Etrac is great for... but what about...

The key is listening for the null that's through the target and it usually happens from one direction. That, the tone change, and just general experience, is what tells you which ones to leave alone. And something I've said forever is work your way to using fairly high sense and low disc, get used to it at that setting, and then basically lock it in for good. When you use the same settings it's like creating a base to work off of and you begin to understand the most subtle changes. The people who change settings, or worse programs, or even worse detectors, are always fighting to learn these little things and will probably never get there.

IP,

SHHHH, don't give away all the secrets! Leaves more deep silver and less rusty nails for us.

Greg
 
The key is listening for the null that's through the target and it usually happens from one direction. That, the tone change, and just general experience, is what tells you which ones to leave alone. And something I've said forever is work your way to using fairly high sense and low disc, get used to it at that setting, and then basically lock it in for good. When you use the same settings it's like creating a base to work off of and you begin to understand the most subtle changes. The people who change settings, or worse programs, or even worse detectors, are always fighting to learn these little things and will probably never get there.

Sounds good thanks for the info Patch. I have been hunting the 1952 high school all year and all I got so far was 2 silver dimes and 2 silver rings. (And all the clad that comes with it.) Feel like somethings not right with my Etrac settings sometimes:roll: I currently run Andys pattern now. Been messing around with deep on deep off, trash on trash off, I like Multi tones..Sens Auto +3 its gets up around 26-28 while hunting...Dunno
 
I was finding green quarters right next to iron at Malibu this past Friday. You just have to learn what the machine is telling you, forget the numbers and just listen.
 
How do you know the null is not a piece of iron right next to the silver dime???

Use the "minelab wiggle". If you suspect coins next to ferrous, then using a 1-2 inch wiggles of the coil as you slowly move over the target will typically get you a clean hit in one tiny area. The biggest giveaway on these is that you can get a clean hit, but the pinpoint keeps centering over the NULL. If you can get a wiggle hit, and you have a response on that spot in point (even if it gets stronger as you move away) then you should dig. Nails and wire will still fool you occasionally, but using this method, I have pulled some nice silver that others walk away from.

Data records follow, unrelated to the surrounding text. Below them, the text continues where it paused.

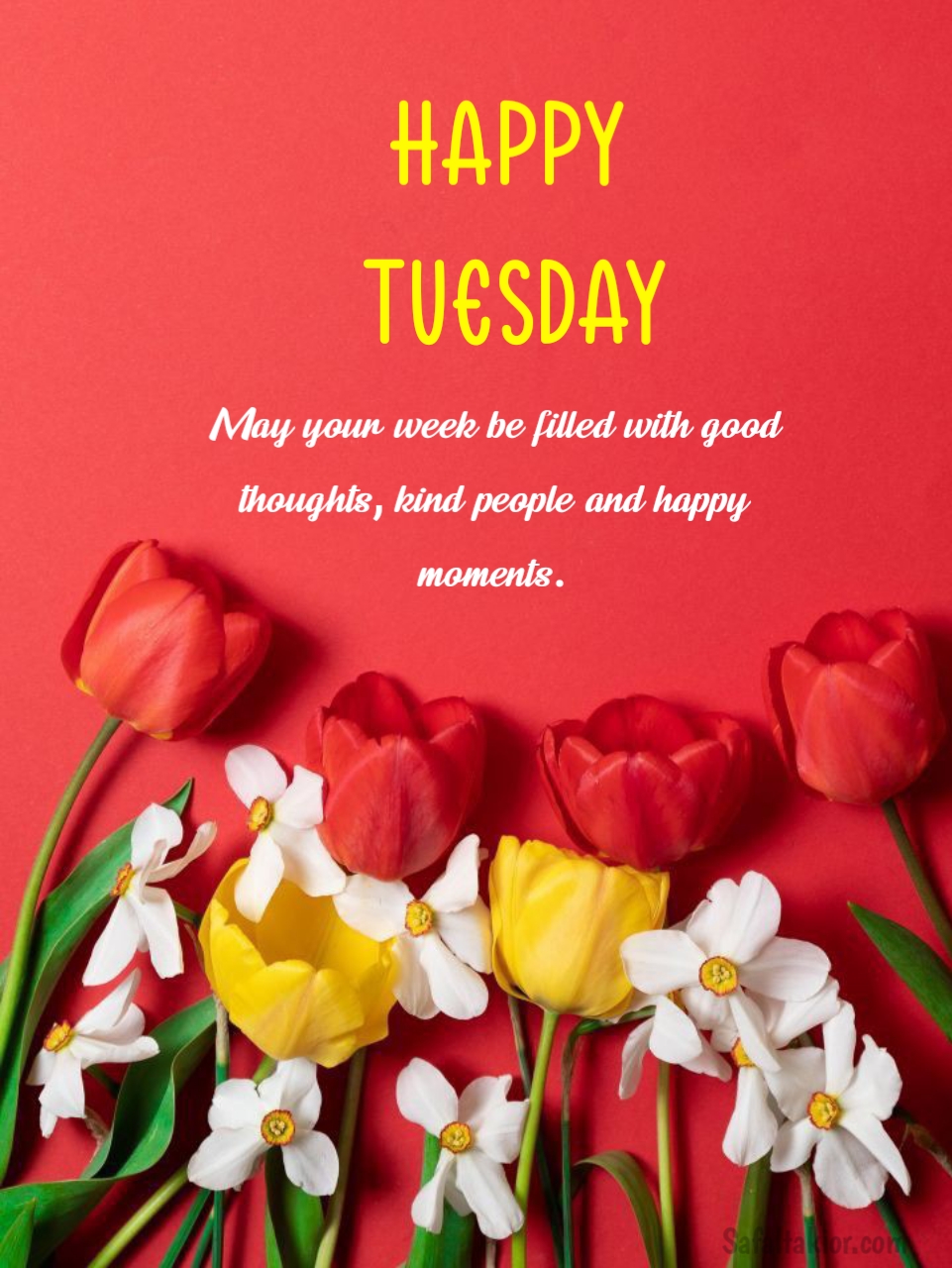 images of happy tuesday quotes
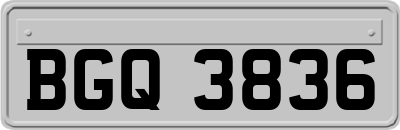 BGQ3836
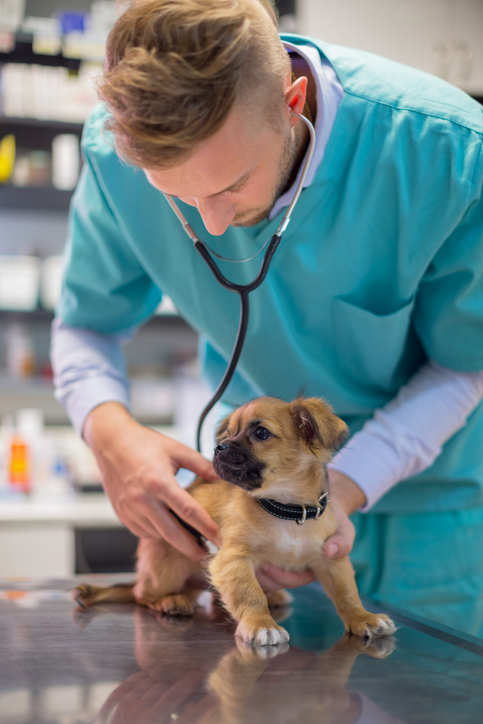 Veterinary Technician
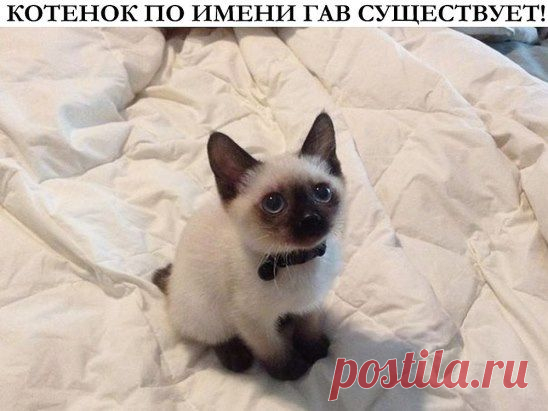 (1) Одноклассники
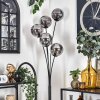 Gastor Floor Lamp - glass 15 cm Smoke-coloured, 5-light sources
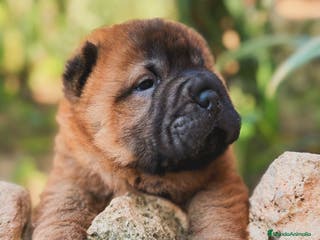 Shar Pei perros shar pei maxima calidad bebes preciosos en Málaga - Anuncio 8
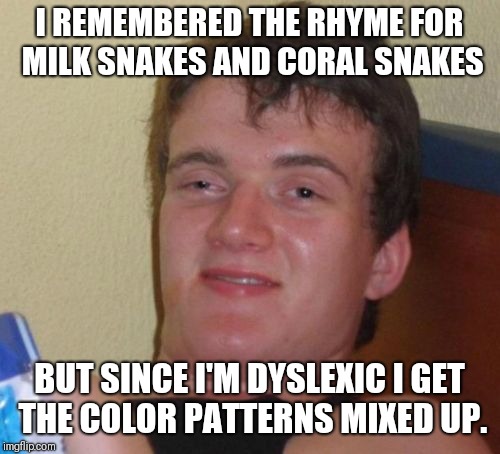 Seriously though I'd probably pick up and get bitten by a coral snake thinking it's a milk snake. |  I REMEMBERED THE RHYME FOR MILK SNAKES AND CORAL SNAKES; BUT SINCE I'M DYSLEXIC I GET THE COLOR PATTERNS MIXED UP. | image tagged in memes,10 guy | made w/ Imgflip meme maker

This method doesn't work well on deep coins. Anything close to or deeper than 6 inches needs a wider wiggle which defeats it's use next to iron.
 
The etrac will give a high pitch and then a null on a nail. In all metal it will give you a low grunt. always ignore any 50 con signals, they are always rusty iron. switch to all metal (blank screen) if you are not sure and it will grunt low every time.
 
always ignore any 50 con signals, they are always rusty iron.

Not at our SOCAL beaches. I hit green crusty clad quarters that bounce between 1-50 and 12-29 up to 12-48. Depends on the mineralization and there is that "halo" effect that often comes with time in the ground.
 
I still find the Long for the Multi-Tone works well in iron areas, and a small coil. The one place I am hunting had the original house burn down, so I am going to do some under the house hunting, because many ties they built the new houses on the old foundations here.